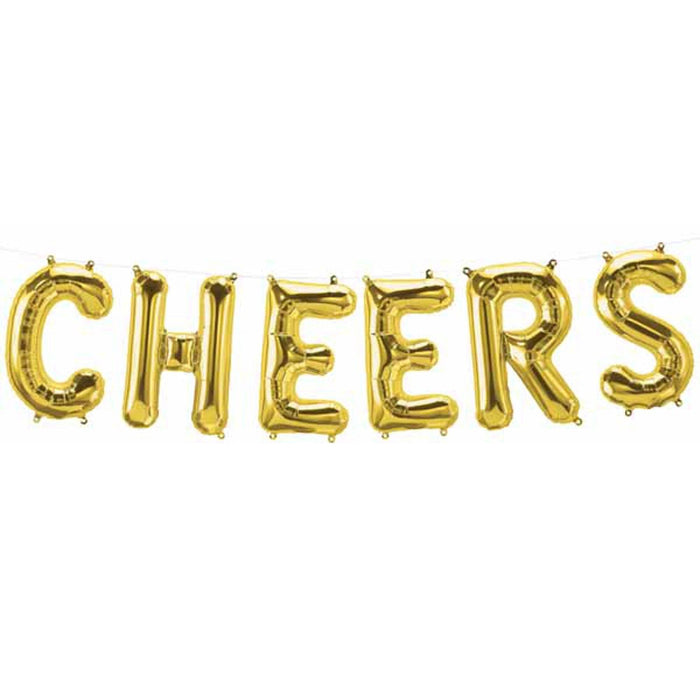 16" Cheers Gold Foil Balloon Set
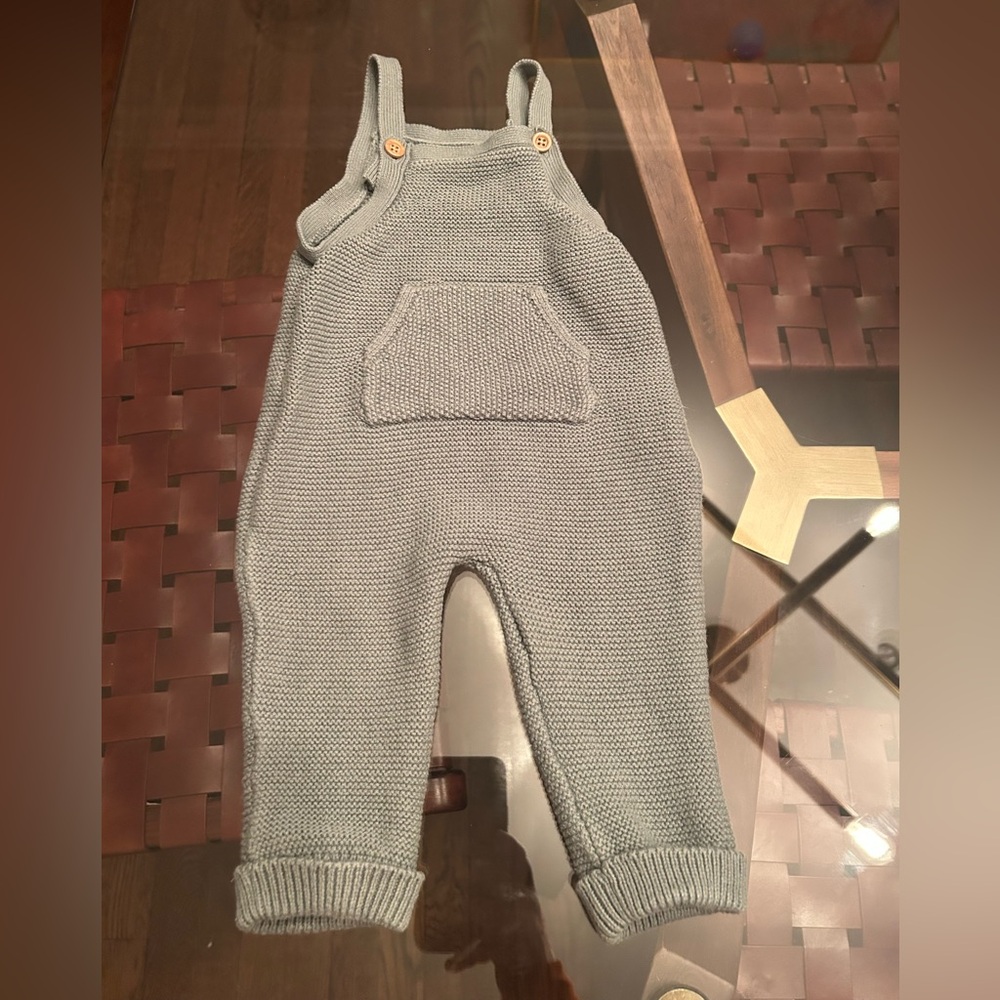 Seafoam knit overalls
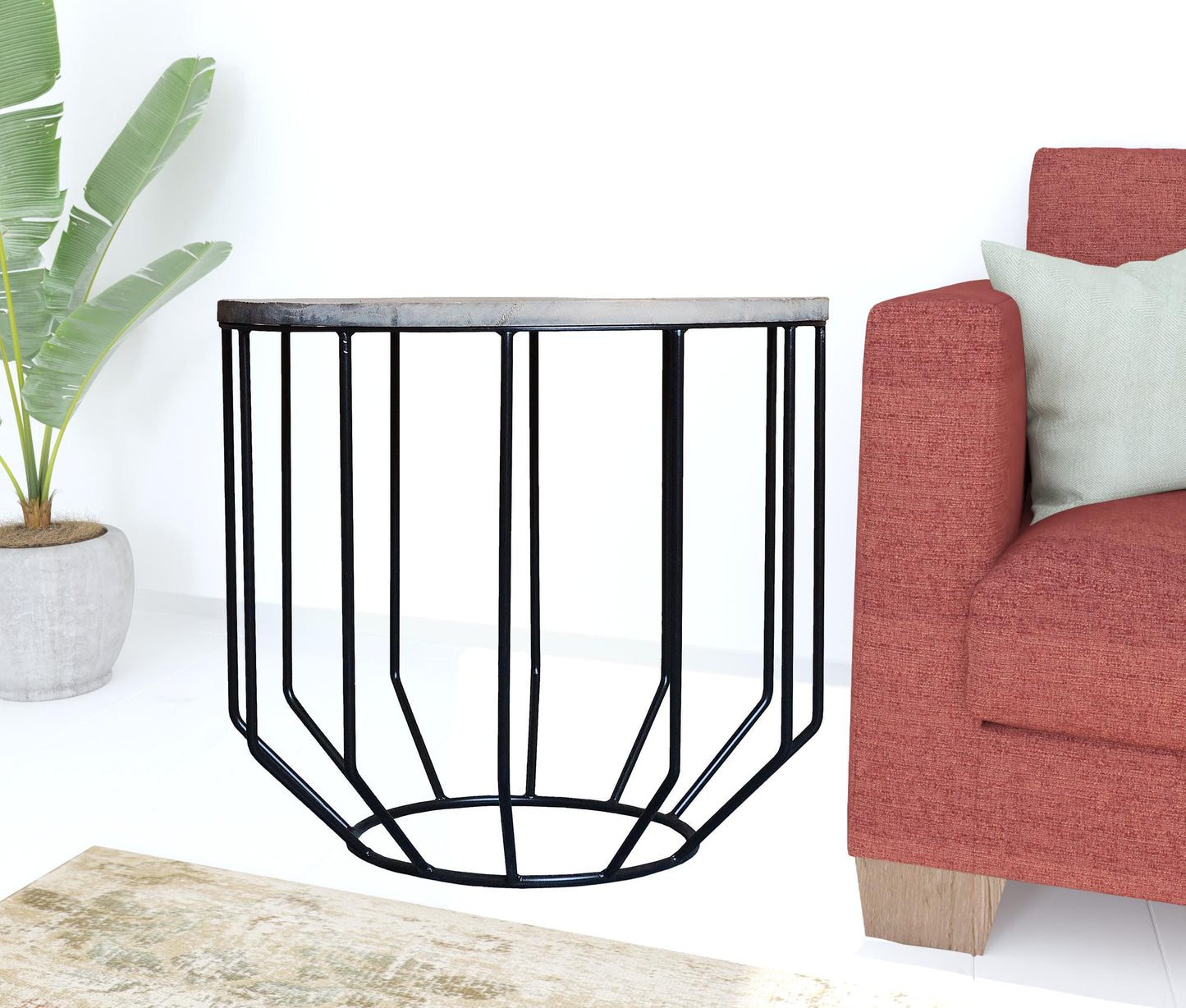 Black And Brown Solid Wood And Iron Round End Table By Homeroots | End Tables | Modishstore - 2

WORK REQUIRED
Please set down each line of the data above exactly as written, without the pictures.

ANSWER TO THIS TASK
 16" Cheers Gold Foil Balloon Set
 Seafoam knit overalls
 Black And Brown Solid Wood And Iron Round End Table By Homeroots | End Tables | Modishstore - 2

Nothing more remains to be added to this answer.